Watch as Houston County’s activists continue to go after our local mining companies that do not engage in frac sand mining. We can no longer trust what these activists say.

On October 21, 2014, Bruce Kuehmichel submitted a petition to the Houston County Board in support of a ban on frac sand mining.

Then on July 14, 2015, Bruce Kuehmichel told the Houston County Board that Section 27 (Mineral Extraction) of the Zoning Ordinance “is actually very, very good.”

As a candidate for Houston County Commissioner, Bruce Kuehmichel stated in a July 19, 2016, Caledonia Argus article that he “would prohibit/ban specifically industrial silica frac sand mining while continuing to allow mining of sand for agricultural and construction use… and improve enforcement of the current ordinance” as the current ordinance “is adequate.”

Now on March 7, 2017, Bruce Kuehmichel suggested “it is time for a moratorium [prohibition] on rock mining… and that the Houston County Board needs to revisit the mining ordinance.” As a Houston Township Officer and farmer, this one takes the cake!  Houston County’s townships and farmers need these rock quarries and sandpits.

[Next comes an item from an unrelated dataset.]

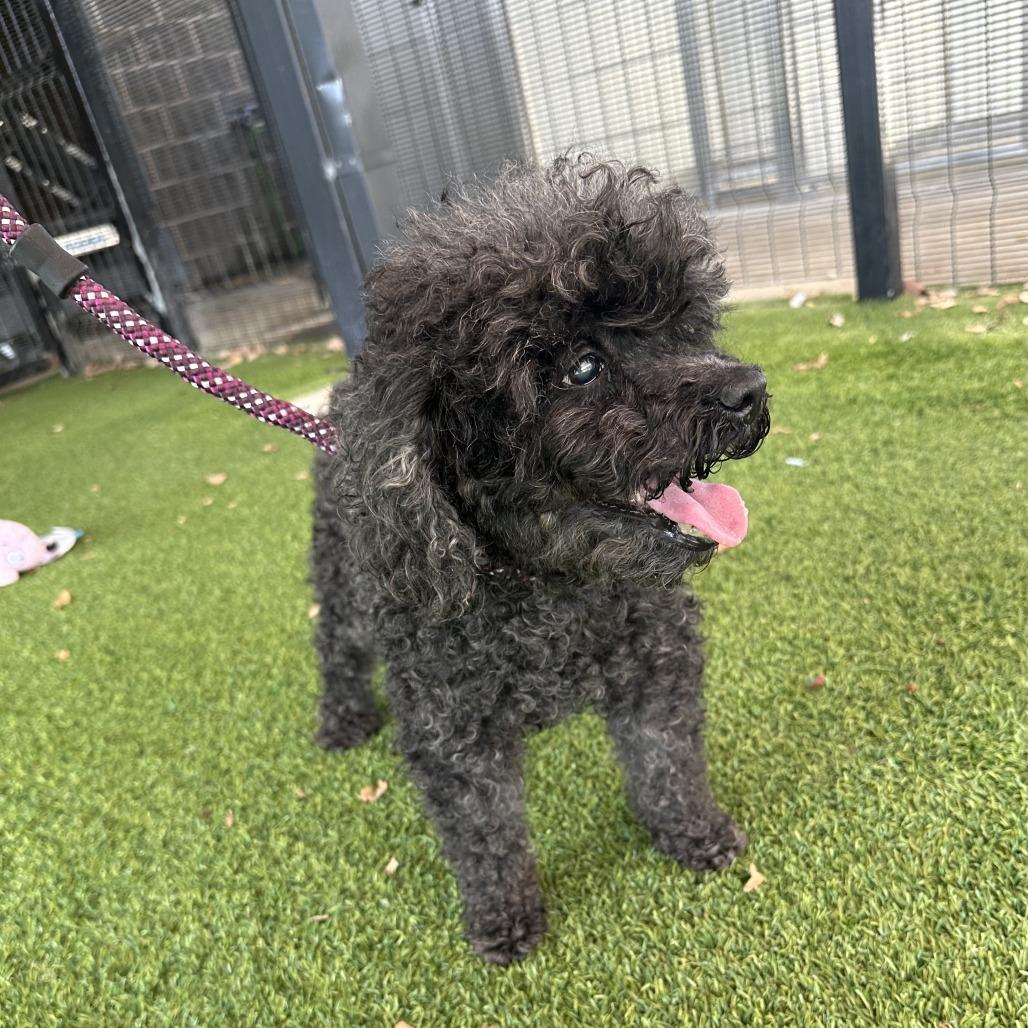 Perla, Adoptable, Senior Female Poodle.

We need rock for our roads and sand for cattle bedding. Houston County’s businesses and residents need sand and aggregate for the cement products they produce and use daily. Having to get these products from another county or state will result in higher costs to Houston County residents, raise your taxes, increase the costs of doing business locally, and hurt our local mining companies that do not engage in frac sand mining.

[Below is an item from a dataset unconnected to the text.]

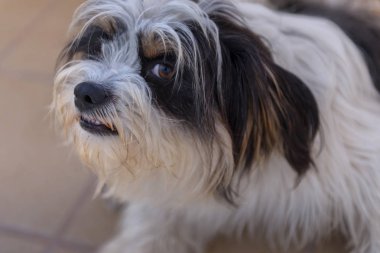 Neşeli, eğlenceli köpek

First Bruce Kuehmichel wanted to allow the use of rock and sand for agricultural and construction use. Now, he wants a temporary ban on rock mining. Houston County, townships, and area farmers should all be nervous of this kind of talk and what it will do to the local mining industry, that we all need, and the aggregates we use daily. It is time we voice our opinion against this kind of policy for Houston County!

The public does not need protections from mining over-reach. The public needs protections from activists who act like they know best, but have ulterior motives. After all, I thought it was about frac sand mining?